Il faudra accélérer le processus d’investissement et de rénovation pour atteindre les objectifs climatiques. Près de 80 % des immeubles commerciaux existants à l’échelle de l’Union européenne devront être mis à niveau pour devenir plus efficaces[11]. Pourtant, seulement 1 % des bâtiments de la région font l’objet de rénovations énergétiques chaque année[12]

Augmenter le rythme des rénovations, aussi peu que ce soit, permettrait de réduire considérablement l’énergie consommée par le secteur immobilier. Puisque d’autres industries auront plus de difficulté à diminuer leur dépendance aux combustibles fossiles, l’accélération des améliorations dans ce secteur pourrait favoriser l’atteinte des cibles de carboneutralité même si les autres secteurs accusent un retard. Par ailleurs, si nos bâtiments parviennent à réduire la quantité d’énergie qu’ils utilisent, la demande globale d’électricité renouvelable pourrait diminuer. Cela permettrait de compenser la croissance de la demande en provenance d’autres secteurs qui ne sont pas en mesure de réduire aussi rapidement leur consommation d’énergie – une préoccupation croissante étant donné les contraintes d’approvisionnement – tout en contribuant à alléger les pressions sur les tarifs dans les secteurs difficiles à décarboner.

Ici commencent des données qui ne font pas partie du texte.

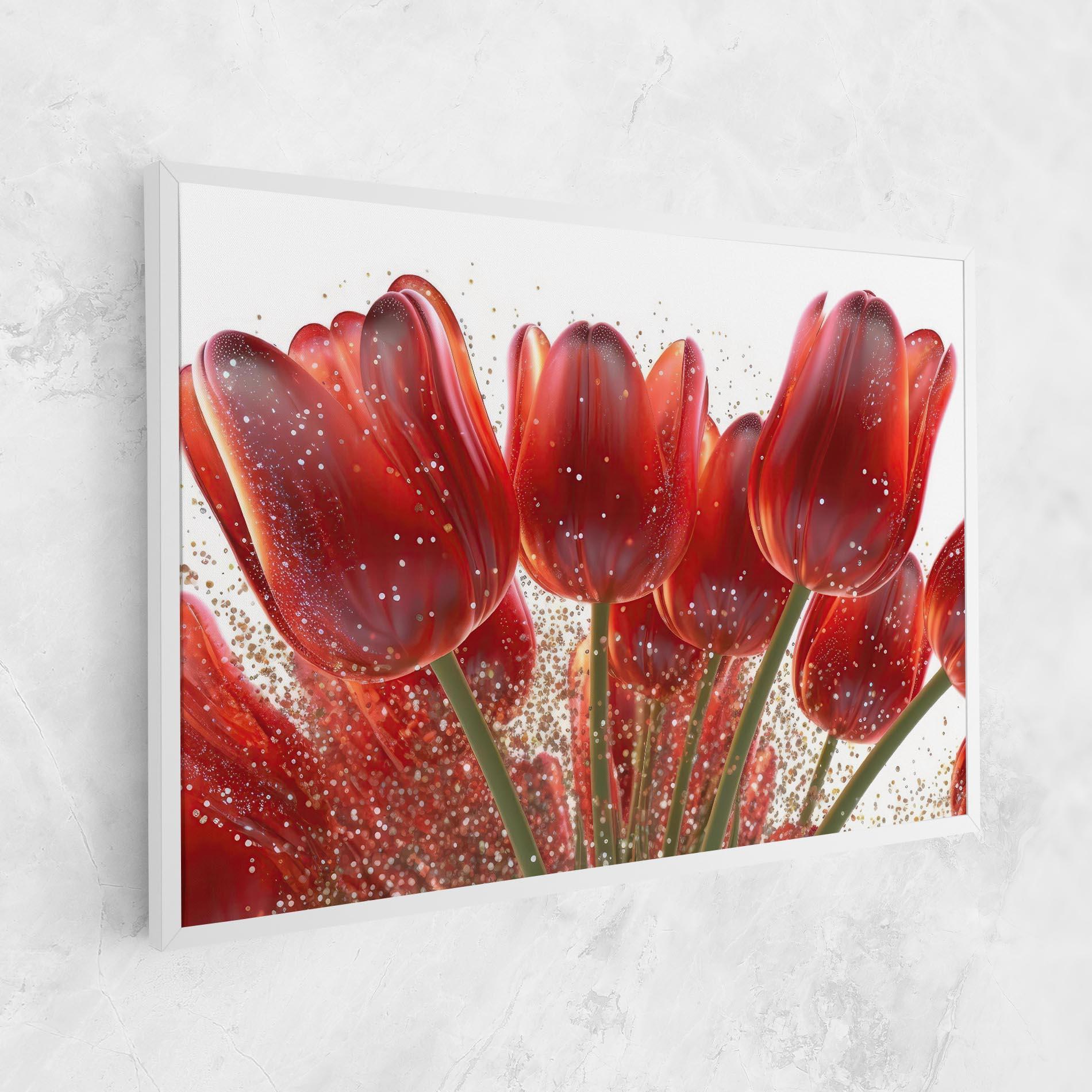 Картина на платно Glitter Red Tulips mockup 1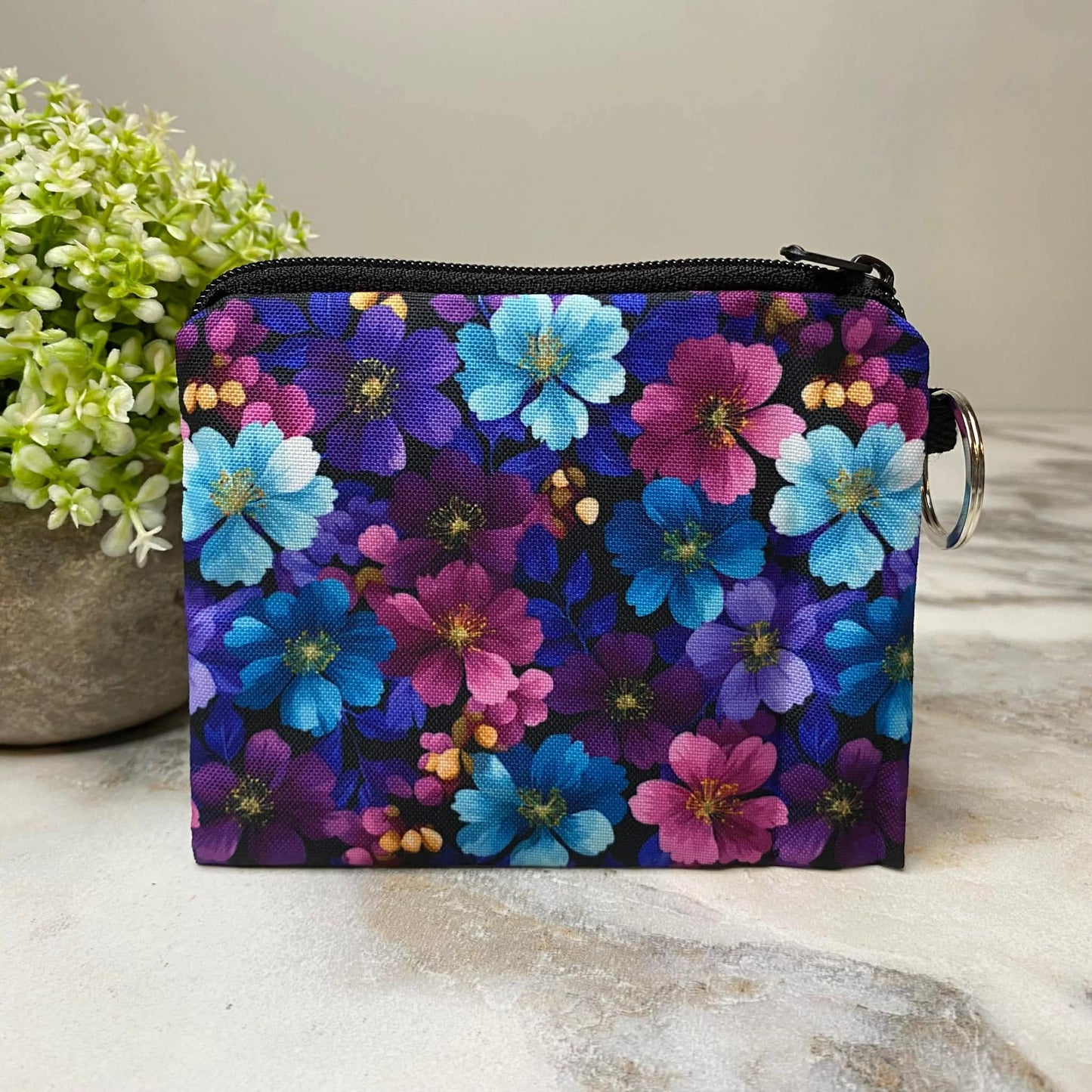 Purple, Magenta, Blue Floral Coin Pouch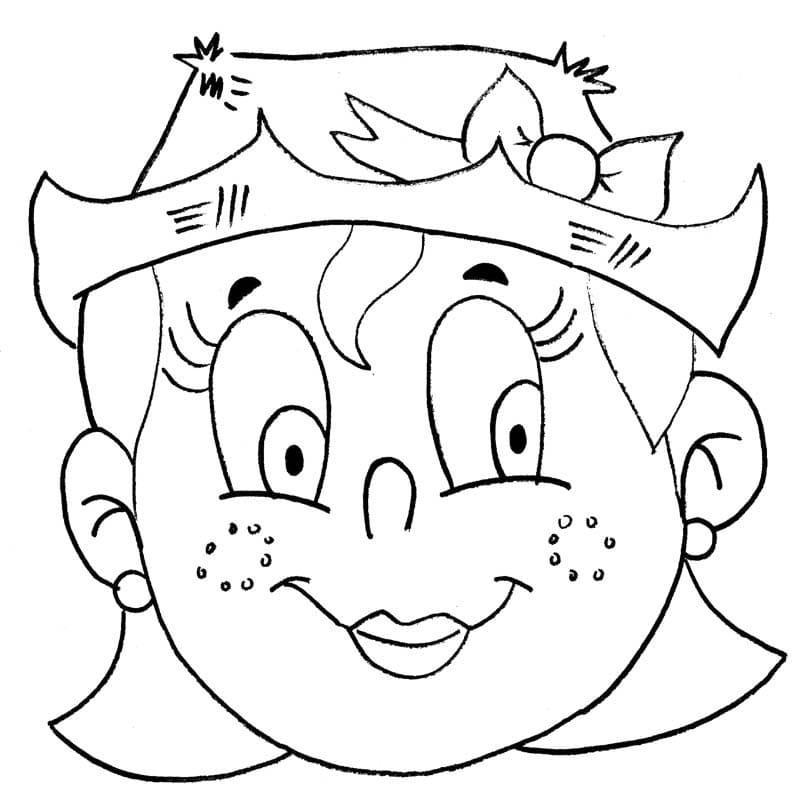 Desenho Rosto de Menina Caipira com chapéu de Palha para Colorir e Imprimir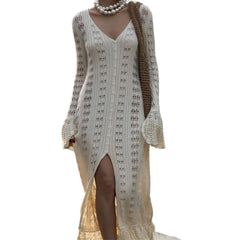 Crochet Flared Cuffs Long Cardigan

Les cibles établies par l’Accord de Paris sur le climat semblent de plus en plus difficiles à atteindre, et il nous reste de moins en moins de temps pour prendre les mesures nécessaires à cet égard. Les secteurs qui ont la capacité de mettre en œuvre ces changements – notamment l’immobilier – devraient agir sans tarder et tirer parti de la vague d’investissements qui en découlera.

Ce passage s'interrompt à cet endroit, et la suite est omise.